NEW YORK -- A gritty documentary series about police that has filled the usual time slot for "NYPD Blue" has some viewers seeing red.
After only three episodes, the ABC News series "NYPD 24-7" has infuriated a firefighters union and annoyed New York Police Department officials. Even Mayor Michael Bloomberg has panned one policeman's performance.
Publicly, police officials have taken no position on the show, which was distilled from 16 months of footage shot by film crews who shadowed detectives and other officers with the nation's largest police department as they investigated murders and fought urban crime.
But one high-ranking commander said Thursday that the brass has been "less than thrilled" with the bleep-happy series, which shows detectives cursing and smoking cigars while investigating a stabbing (where no one died).
Firefighters have focused their ire on a former Emergency Service Unit lieutenant, Venton "Vic" Hollifield.
With the cameras rolling at the scene of a car crash two years ago, the now-retired Hollifield referred to firefighters there as "amateurs." Once the show aired, the union paid more than $100,000 for full-page ads in newspapers alleging the comment "demeaned, slandered and belittled" firefighters before a national audience, and demanded an apology from police commissioner Raymond Kelly for sanctioning the show.
'Regrettable' commentsA spokesman for Kelly, Paul Browne, called Hollifield's comments "regrettable." But he added that the department had no say in what ABC aired -- as evidenced by Hollifield while he made a traffic stop of a suspected drunken driver.
As recounted on the show's Web site, the officer flouted guidelines by making the motorist get out of the car, then locking his keys inside and telling him to catch a cab home.

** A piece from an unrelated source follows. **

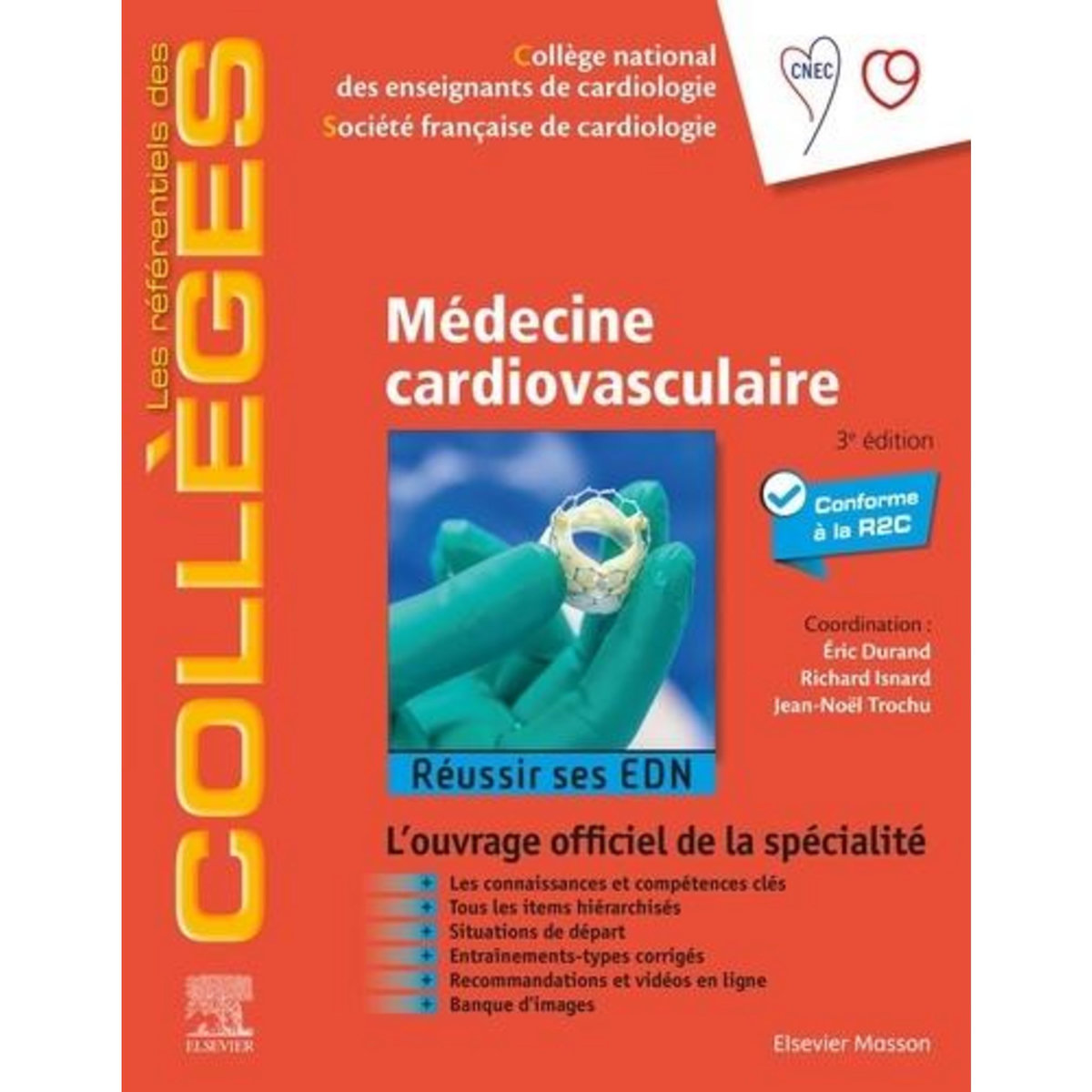 MEDECINE CARDIOVASCULAIRE. REUSSIR SES EDN, 3E EDITION, Durand Eric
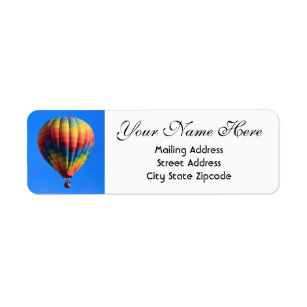 Hot Air Balloon Return Address Labels | Zazzle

The encounter ultimately ended with officers having to wrestle the enraged suspect to the ground and arrest him.
At city hall, Bloomberg called Hollifield's comments about firefighters "wrong," and suggested Hollifield -- not Kelly -- needed to apologize.
Hollifield hasn't.
Nor has ABC, which considers the show a commercial and critical success. The show had 6.9 million viewers last week, No. 27 in Nielsen Media Research's prime-time rankings.
Only two other ABC shows did better.
The series' point "was to go in and explore a closed culture, the NYPD police culture, and see life as it happens," said producer Terrence Wrong. "If you have faith in your institution, you have no problem with that."